▶ _INPUT DATA_:
——

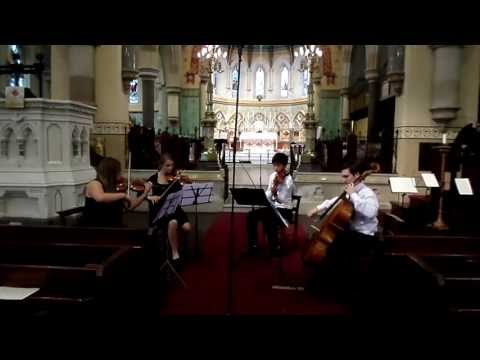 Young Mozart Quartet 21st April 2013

——

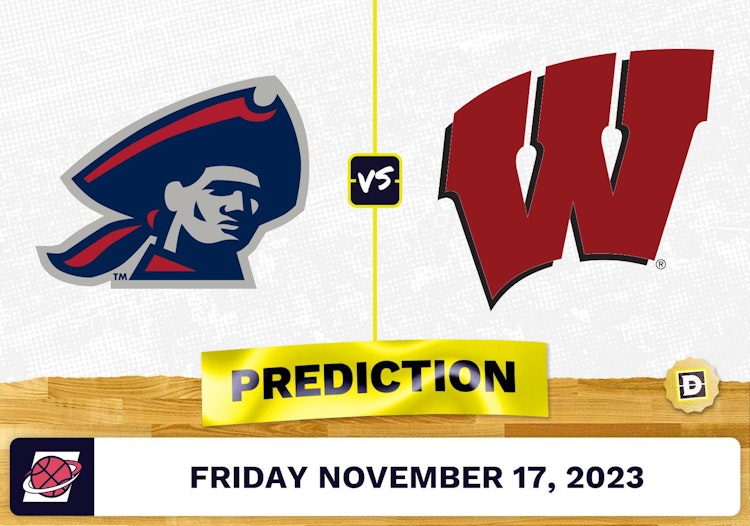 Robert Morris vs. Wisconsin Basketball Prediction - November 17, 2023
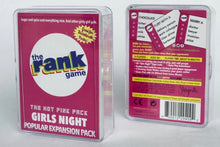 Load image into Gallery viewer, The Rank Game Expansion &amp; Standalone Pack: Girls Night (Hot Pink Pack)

——

▶ _WHAT YOU HAVE TO DO_:
Transcribe, from the material above, the stretch starting at the line with "Robert Morris vs." and ending at the line with "Load image into", both included, exactly. Do not carry over pictures.

▶ _WORKED SOLUTION_:
 Robert Morris vs. Wisconsin Basketball Prediction - November 17, 2023
 Load image into Gallery viewer, The Rank Game Expansion &amp; Standalone Pack: Girls Night (Hot Pink Pack)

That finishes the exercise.